En Occidente, a raíz del caso Weinstein y de los demás casos de abusos sexuales y de poder que han surgido, se está librando una auténtica batalla sexual. Batalla que por una vez parece que ganarán los buenos, o sea: los más débiles. Es una magnífica noticia, algo impensable hasta hace muy poco tiempo y que mejorará el mundo y lo convertirá en un lugar más seguro, más respetuoso, más igualitario y más estético. La idea de Weinstein en albornoz esperando a una mujer en una habitación de hotel para una supuesta entrevista de trabajo resulta espeluznante. Por su culpa, el hombre en albornoz ha pasado a sustituir en nuestro imaginario colectivo de lo cutre al hombre en gabardina que antaño recorría las calles de la ciudad.

Sin embargo, una vez hayamos escuchado y protegido (con leyes, con más educación en las escuelas, con visibilidad) a las principales víctimas de estos abusos, deberíamos ir con cuidado de que no hubiese también víctimas colaterales. La industria de los albornoces ya no tiene solución, pero tal vez habría que intentar que el sexo (consentido, buscado, deseado) y las fantasías sexuales no fuesen también víctimas de este proceso tan justo y necesario.

Qué nos gusta

No nos gusta que Harvey Weinstein nos abra la puerta en albornoz en una habitación de hotel para una entrevista de trabajo, pero nos gusta (cuando nos gusta) follar en hoteles. Nos gusta que quien nosotras queramos nos convierta durante un rato en un mero objeto de disfrute. Nos gusta que los hombres sean más fuertes y sentir que en algunos momentos nos pueden aniquilar (o nos gusta sentir que somos nosotras las poderosas y jugar a eso para obtener placer). Nos gusta que el sexo sea uno de los últimos reductos de libertad de nuestra sociedad. Nos gusta que sea un juego trascendental. Nos gusta mezclarlo con sentimientos. Nos gusta utilizar nuestro cuerpo, jugar con él y que jueguen otros. Es un instrumento de poder el cuerpo (como la cabeza), de libertad también, de igualdad. Nos gusta (cuando nos gusta) jugar a ser secretarias, o geishas, o ogresas, o astronautas recién aterrizadas en Marte, porque aunque no siempre seamos jefas en nuestra vida profesional, en nuestra vida privada lo somos siempre.

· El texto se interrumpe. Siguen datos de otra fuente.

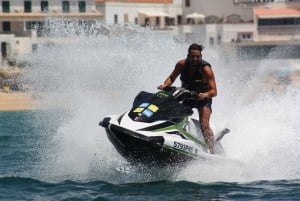 Algarve: verhuur van jetski's in Armação de Pêra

Nos gusta que dentro del sexo consentido valga todo, incluso fingir que no es consentido. Nos gusta (cuando nos gusta) que los hombres que deseamos se acaricien delante de nosotras, pero se nos escapa la risa y el horror al imaginar al torpe de Louis C. K. pidiendo permiso para sacarse el pito delante de dos colegas de trabajo (no me extraña nada que a raíz de ese incidente una de las afectadas decidiera abandonar definitivamente el mundo del humorismo).

Incluso nos gustan (cuando nos gustan) los albornoces. Pero quítatelo ya. ¿Vale?